Wheatsheaf Pub, High Street 8.00pm, Tuesdays, Odd WeeksJokes about paedophilia always go down well. Niall Gildea, the MC at Ministry of Mirth last Tuesday, started off on the right foot, with a comparison between Gerry McCann and Gary Glitter. And he didn’t stop there, but went on, probing the depths of our discomfort/enjoyment. Madeleine McCann was to become a running joke throughout the evening.
It may not be immediately clear why a kidnapped little girl and her grieving family should be a source of comedy. But it wasn’t really the subject-matter that made Gildea so successful – it was the way he danced delicately about the borderline of discomfort and taboo. Every time I felt he might have lost the audience – for example during a detailed description of his problems with diarrhoea – he had the courage to let us squirm, and then pull us back in with a well-placed joke and a wild-eyed grin.
Watching Broderick Chow was a completely different experience. There were whispers going round the crowd about this transatlantic import before the show, and he lived up to his billing. He waltzed on stage with a confidence and fluency that was notably absent in the other acts. Where Gildea was stilted at times, Chow’s jokes were smooth and comfortable, guiding the audience from one laugh to another with a steady hand. He had the knack of bringing together the pub’s diverse audience in sharing his embarrassment at life in general. A particular highlight was a description of his disillusionment when, finding himself by chance waiting in the supermarket queue behind Joni Mitchell, he looked into her basket to discover a jumbo pack of toilet roll and some chewing-gum.
For all Chow’s consummate ability, though, I enjoyed myself most watching Gildea. There were two different approaches on show here: Chow was slick, American (sorry – Canadian), and above all safe; Gildea awkward, British, risky, and rather exciting. When he picked out a member of the audience and began to flirt disastrously with her, there was a genuine fear that he might go down like a lead balloon. But this was just another piece of his self-effacing comedy of embarrassment, and suddenly his failed advances were hilarious.

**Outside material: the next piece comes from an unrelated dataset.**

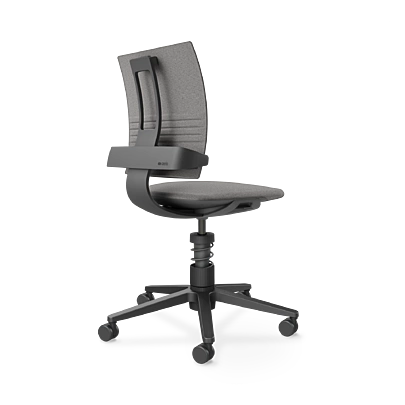 Kancelárska stolička Aeris 3Dee Light Grey melange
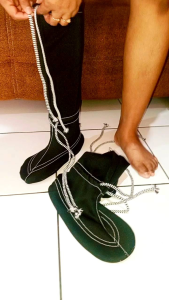Sepatu Sawah Untuk Petani Melindungi Kaki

You mustn’t run away with the impression that everything was as funny as Maddy. Many of the acts felt unpolished, the material under-rehearsed or just downright bad. One particularly painful piece of ‘political’ comedy joked about Gordon being a bit more ‘brown’ after his holiday, David having his camera on, and – ahem – Boris’s Johnson. But there was some excellent stuff on show here, and there are many less enjoyable ways to spend a Tuesday evening in Oxford.